- [pdf] [supp]
Assessing the Impact of Diversity on the Resilience of Deep Learning Ensembles: A Comparative Study on Model Architecture, Output, Activation, and Attribution
We investigate the relationship between different diversity metrics, accuracy, and resiliency to natural image corruptions of Deep Learning (DL) image classifier ensembles. We evaluate existing diversity dimensions such as model architecture, model prediction, and neuron activations, as well as a novel diversity dimension of input attribution. Using ResNet50 as a comparison baseline, we evaluate the resiliency of multiple individual DL model architectures against dataset distribution shifts corresponding to natural image corruptions. We compare ensembles created with diverse model architectures trained either independently or through a Neural Architecture Search technique and evaluate the correlation of prediction-based and attribution-based diversity to the final ensemble accuracy. Finally, we evaluate a set of diversity enforcement heuristics for training based on negative correlation learning (NCL) and compare how effective they are to achieve independent failure behavior.

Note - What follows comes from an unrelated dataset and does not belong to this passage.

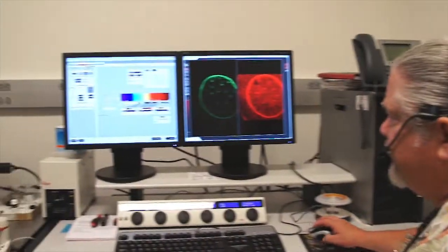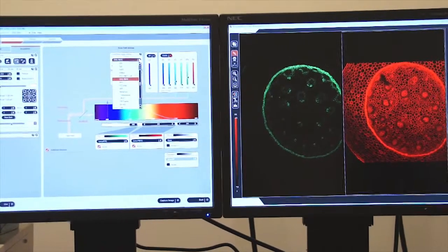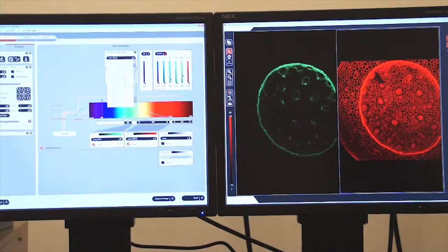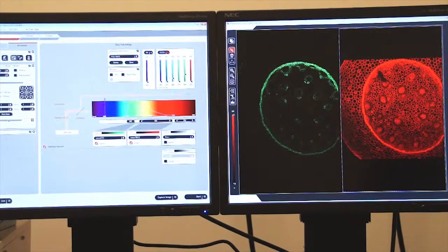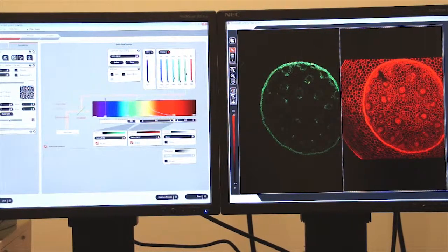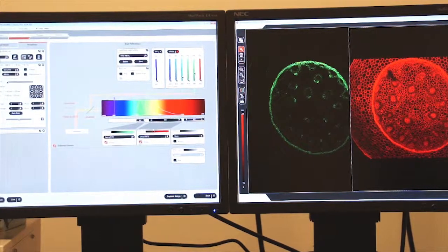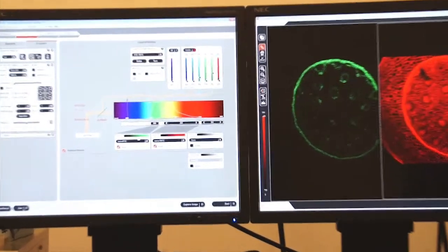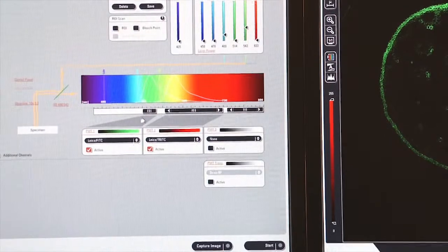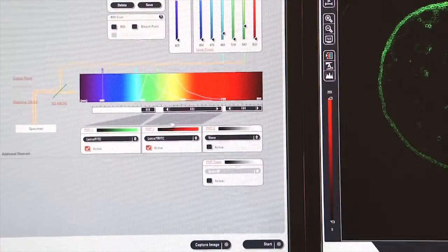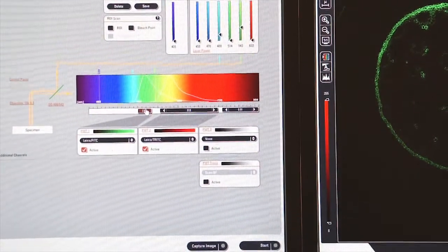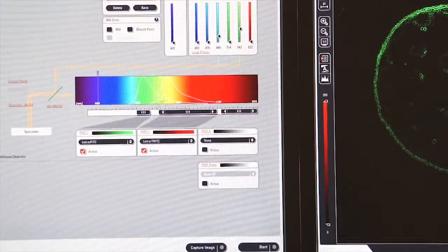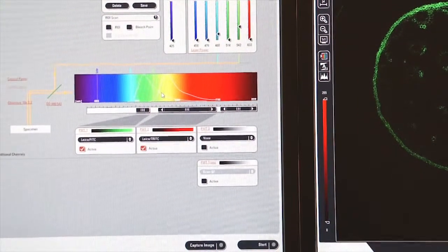In this case, we have selected Fitsy Tritsy from our pull-down menu, which activates the proper lasers with the proper amount of power. It turns on the photomultiplier tubes. Here you can see the first photomultiplier tube engaged with a gray line that shows it's turned on, and the second photomultiplier tube. Each one is set to receive information from the emission spectra generated here on the screen.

Our key observations are: 1) model architecture is more important for individual resiliency than model size or model accuracy but architecture diversity in an ensemble is typically not more resilient, 2) attribution-based diversity is less negatively correlated to the ensemble accuracy than prediction-based diversity, 3) a balanced loss function of individual and ensemble accuracy creates more resilient ensembles for image natural corruptions, 4) architecture diversity produces more diversity than NCL in all explored diversity metrics: predictions, attributions, and activations.